Published online by Cambridge University Press: 20 May 2010
One possible approach to category recognition is to model object categories as graphs of features, and to focus mainly on the second-order (pairwise) relationships between them: category-dependent as well as perceptual grouping constraints. This differs from the popular bag-of-words model (Csurka et al. 2004), which concentrates exclusively on local features, ignoring the higher-order interactions between them. The main observation is that higher-order relationships between model features are more important for category recognition than local, first-order features. Earlier studies support the view that simple, unary features, without higher-order relationships (such as geometric constraints or conjunctions of properties), are not sufficient at higher cognitive levels where object category recognition takes place (Treisman 1986; Hummel 2000). The importance of using pairwise relationships between features was recognized early on, starting with Ullman's theory of the correspondence process, which introduced the notion of correspondence strength that takes into consideration both the local/unary affinities, but also pairwise interactions between features (Marr 1982).

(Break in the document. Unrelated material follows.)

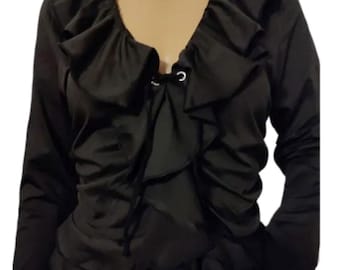 Black Ruffled Pirate Blouse: Women's Costume Shirt, Eyelet Detail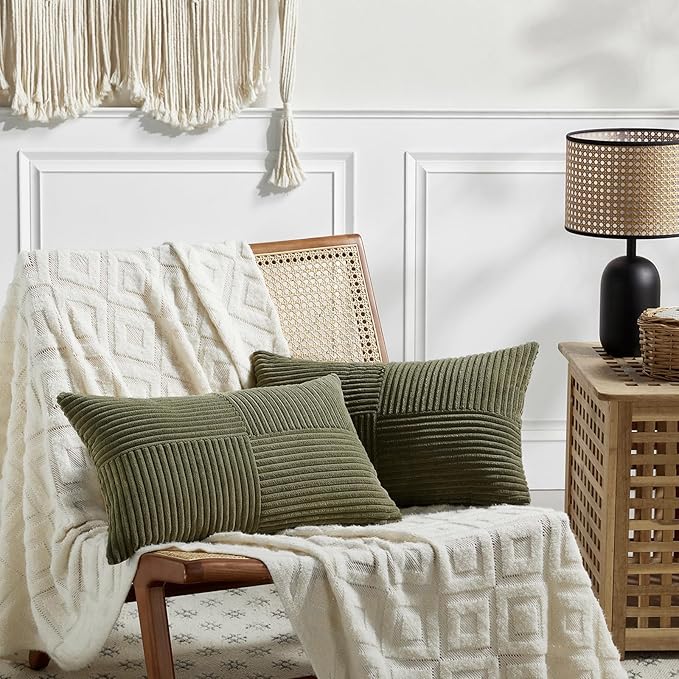 Fancy Homi 2 Packs Olive Green Lumbar Decorative Throw Pillow Covers 16x28 Inch for Living Room Couch Bed, Farmhouse Boho Home Decor, Soft Striped Corduroy Rectangle Accent Cushion Case 40x70 cm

More generally, using pairwise or global geometric constraints between contour fragments was explored extensively in early work. For example, interpretation trees were used to find correspondences between contour fragments, aligning an object model and the object instance in a novel image of a cluttered scene (Grimson and Lozano-Pérez 1987; Grimson 1990a). Other approaches relied on more global techniques based on transformation voting alignment (Lowe 1985), as well as geometric reasoning on groups of fragments (Goad 1983; Brooks 1981).